An opening reception for the exhibit, which is free and open to the public, will be from 6-8 p.m. Friday, Jan. 11, at AEIVA.

Additional programs include:

  • Tuesday,  Jan. 22, 6 p.m., Gallery talk at AEIVA: Kristen Miller Zohn, executive  director of the Costume Society of America, will speak on "European  Jewish Fashions in the 30s and 40s: How the Jewish Fashion Industry Was  Extinguished by the Nazis and Struggled to Return to Prominence After the  War.”
  • Tuesday,  Feb. 5, noon, Gallery talk at AEIVA: Jonathan Wiesen, Ph.D., incoming chair of  the UAB CAS Department of History, will speak on “The  Holocaust in Czechoslovakia” at AEIVA.

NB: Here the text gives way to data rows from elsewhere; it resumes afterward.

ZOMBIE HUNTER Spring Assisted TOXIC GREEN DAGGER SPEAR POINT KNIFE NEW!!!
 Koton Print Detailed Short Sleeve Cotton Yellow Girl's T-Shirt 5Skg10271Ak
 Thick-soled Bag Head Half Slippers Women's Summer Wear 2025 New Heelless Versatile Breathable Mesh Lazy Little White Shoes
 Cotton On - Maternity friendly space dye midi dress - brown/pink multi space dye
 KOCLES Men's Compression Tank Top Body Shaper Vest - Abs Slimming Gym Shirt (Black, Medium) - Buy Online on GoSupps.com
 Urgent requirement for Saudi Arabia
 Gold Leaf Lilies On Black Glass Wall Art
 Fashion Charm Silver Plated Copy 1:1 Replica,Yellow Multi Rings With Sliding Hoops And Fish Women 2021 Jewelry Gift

  • Sunday,  Feb. 17, 2 p.m. and 4 p.m., Red Mountain Theatre Company will present two  performances of “A Stitch in Time,” a one-act play by Susan Westfall based  on Hedy’s story, at UAB’s Alys Stephens Center.
  • Tuesday,  March 5, 6 p.m., Gallery talk at AEIVA: Janek Wasserman, Ph.D., history  professor at UA, will speak on “Immigration Then and Now.”